During the Cold War, fear of imminent and large-scale costs drove the U.S. and the U.S.S.R. to the negotiating table. The architecture of early confidence-building, risk-reduction, and arms control agreements was built with the hope of avoiding costly outcomes of outright war between nuclear powers. Today’s multipolar nuclear environment poses different types of challenges to decisionmakers around the world. Delivery systems have advanced, shortening escalation timelines. There are many key stakeholders – both nuclear-armed and non-nuclear. The deterrence strategies of each state are impacted in some way by all other nuclear-armed states. Future risk reduction efforts will require calibration to this evolving, multipolar environment.

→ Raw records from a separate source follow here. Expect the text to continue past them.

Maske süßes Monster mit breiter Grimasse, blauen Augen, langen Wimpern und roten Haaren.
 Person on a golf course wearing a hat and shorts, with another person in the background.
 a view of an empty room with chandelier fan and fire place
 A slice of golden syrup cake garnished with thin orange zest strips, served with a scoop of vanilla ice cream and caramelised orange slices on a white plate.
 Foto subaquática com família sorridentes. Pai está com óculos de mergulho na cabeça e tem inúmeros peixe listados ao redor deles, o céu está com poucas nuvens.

Confidence-building and risk-reduction are primarily about security not trust. Paradoxically, these measures entail accepting some vulnerability in exchange for some security. States enter into agreements that open them up to the risk of certain costs in order to lower the likelihood of incurring certain costs. Robust stability and enduring peace are long-term goals at best in South Asia. Confidence-building, risk-reduction, and even arms control measures have more moderate goals that can be achieved with incremental trust. They can build trust only as they increase joint efforts to build mutual security. Early on in the process of confidence building and cooperative risk reduction, costs are lower and largely political, as are the presumed benefits because there is a lack of security and trust. During especially tense periods in bilateral relations, these mechanisms can help decisionmakers lower the risk of incurring costs neither side wants to bear.
Southern Asia offers ripe case studies of risk management in nuclearized environments. There are several fundamental questions that merit a review in a South Asian context. What high costs do both India and Pakistan seek to avoid? What risks might each be willing to accept in order to lower the likelihood of this mutually assessed high cost? While presumably both states seek to avoid nuclear use, they will have to balance this goal with the risk of losing territory, preserving popular and elite domestic support, and managing international reputations. What have been the intention, nature, scope, and mechanisms for confidence-building and risk-reduction measures in South Asia’s history? How do states define a “successful” measure? And what types of measures under what conditions have been effective by that standard of success? These are at face value rather basic questions; yet, exploration of them in the distinct context of modern India-Pakistan crises seems thin.
In a recent book, Shaking Hands with Clenched Fists, Pakistani scholar Asma Shakir Khawaja catalogues this history of different types of confidence-building measures between India and Pakistan. She offers analysis of various categories of mechanisms that is important for theorizing what variables impact the success or failure of risk reduction efforts in South Asia. Another recent book, Off Ramps from Confrontation in Southern Asia, contains a collection of essays specifying new proposals to reduce risk in the region. Several critical older studies offer empirical and theoretical insights on confidence building worth revisiting with new evidence. Finally, a good resource for fresh empirical study is an incomplete but rich timeline of India-Pakistan measures, large and small, that we began to build at the Stimson Center.
Today, the conditions for resolution of enduring grievances like territorial disputes are not present in South Asia. Shaping an environment and set of mechanisms for the more achievable goals of cooperative risk reduction are prerequisites to begin heading in the general direction of lofty goals like mutual trust and lasting peace. When misperception abounds and escalation risks are high in a nuclearized environment, all involved parties have deep stakes in seriously pursuing risk reduction. Lowering the likelihood of large-scale costs of a nuclear-tinged event will require some mutual sacrifice of vulnerability in exchange for security. New analysis can enrich the decisionmaking processes by evaluating how a spectrum of confidence-building and risk-reduction mechanisms could achieve national objectives for India and Pakistan in the near- and medium-term.
Hannah Haegeland was an analyst with the Stimson Center in Washington, D.C. She is the co-editor and author of Investigating Crises: South Asia’s Lessons, Evolving Dynamics, and Trajectories (Stimson, 2018).